[About this task] Nothing but the records, repeated word for word and free of pictures, belongs in the answer.

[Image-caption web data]
=-=-=
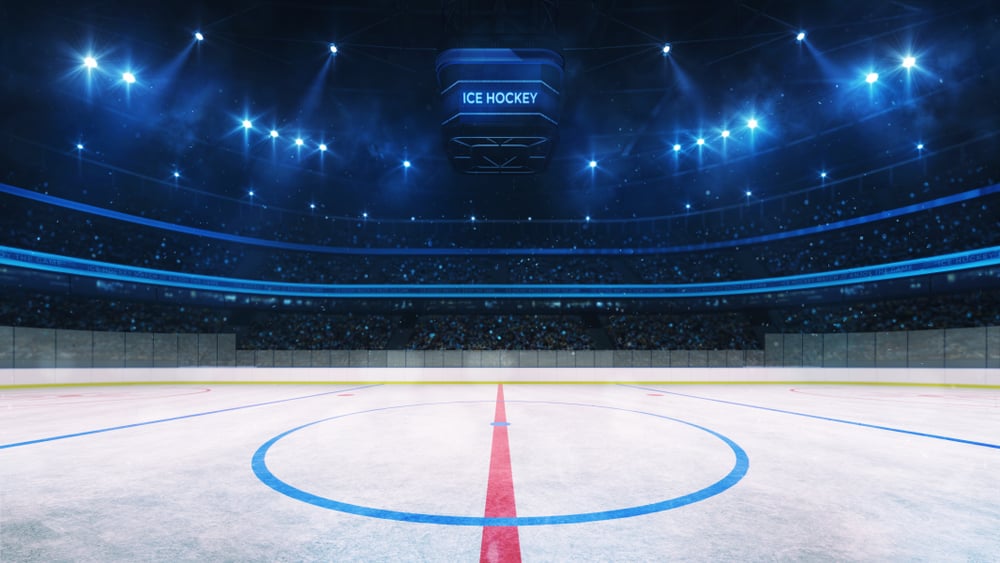 Ice,Hockey,Rink,And,Illuminated,Indoor,Arena,With,Fans,,Face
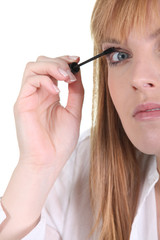 Fototapeta premium Woman applying mascara on her eyelashes
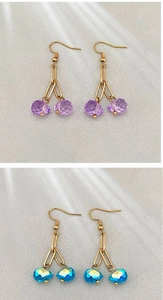Close-up of teardrop crystal pendants in purple and iridescent blue with gold hooks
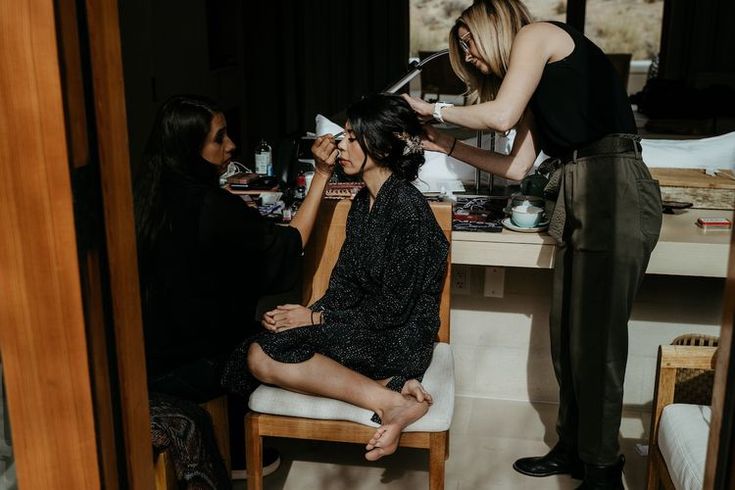 a woman is getting her hair done by two other women at a table in a room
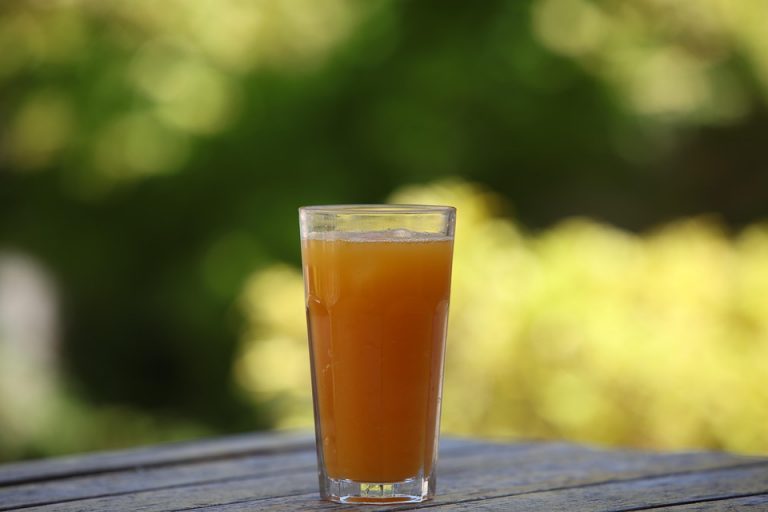 Refreshing orange juice on outdoor table.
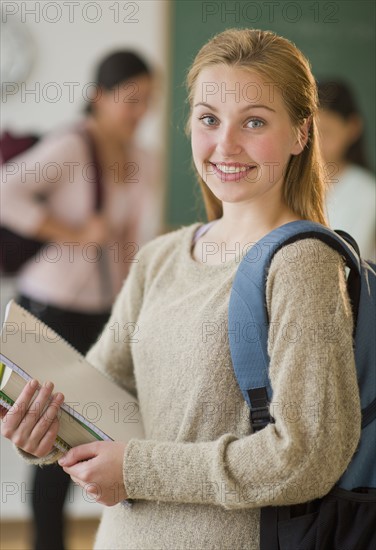 Portrait of female student (16-17) in classroom.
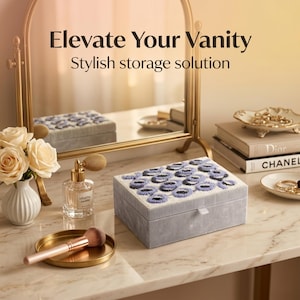 May include: A gray velvet jewelry box with a beaded floral design in blue and white sits on a marble surface. The box is next to a gold-framed mirror, perfume, and a makeup brush. The text "Elevate Your Vanity" and "Stylish storage solution" is visible.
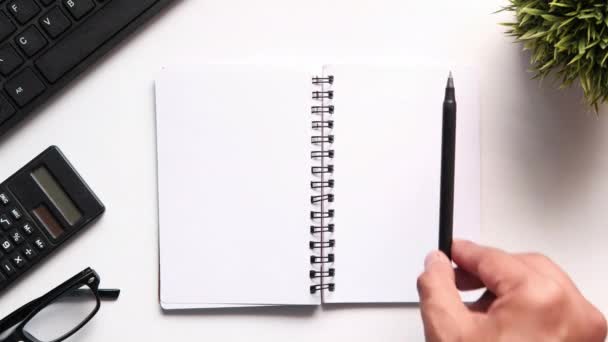 Top view of notepad and pen on white background — Stock Video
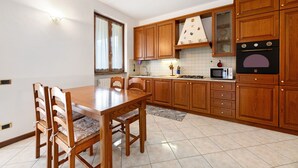 A kitchen with wooden cabinets, a dining table with chairs, a microwave, and a stove. - Apartment 'Lago' with Mountain View, Private Terrace and Wi-Fi (Dongo)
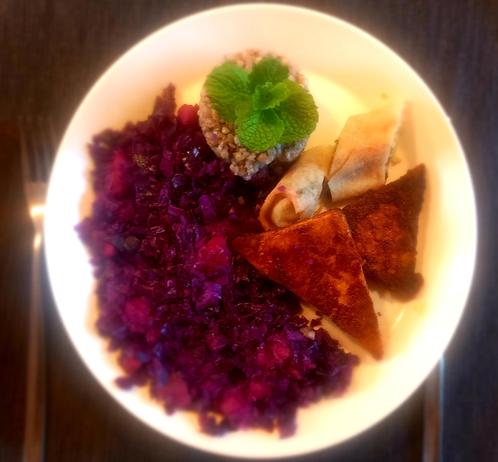 A plate of #vegan food featuring two triangular pieces of fried tofu, a portion of buckwheat garnished with fresh mint, a serving of red cabbage cooked with apple, and two small vegetable spring rolls.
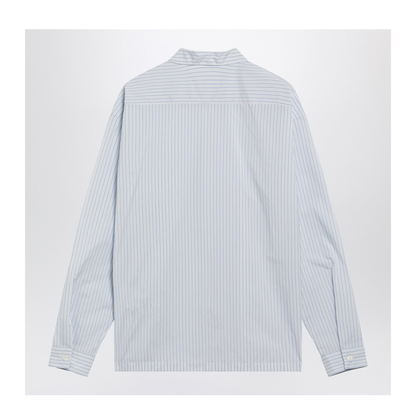 White and light blue striped zip-up shirt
=-=-=
[Solution for this exercise]
 Ice,Hockey,Rink,And,Illuminated,Indoor,Arena,With,Fans,,Face
 Fototapeta premium Woman applying mascara on her eyelashes
Close-up of teardrop crystal pendants in purple and iridescent blue with gold hooks
 a woman is getting her hair done by two other women at a table in a room
 Refreshing orange juice on outdoor table.
 Portrait of female student (16-17) in classroom.
 May include: A gray velvet jewelry box with a beaded floral design in blue and white sits on a marble surface. The box is next to a gold-framed mirror, perfume, and a makeup brush. The text "Elevate Your Vanity" and "Stylish storage solution" is visible.
 Top view of notepad and pen on white background — Stock Video
 A kitchen with wooden cabinets, a dining table with chairs, a microwave, and a stove. - Apartment 'Lago' with Mountain View, Private Terrace and Wi-Fi (Dongo)
 A plate of #vegan food featuring two triangular pieces of fried tofu, a portion of buckwheat garnished with fresh mint, a serving of red cabbage cooked with apple, and two small vegetable spring rolls.
 White and light blue striped zip-up shirt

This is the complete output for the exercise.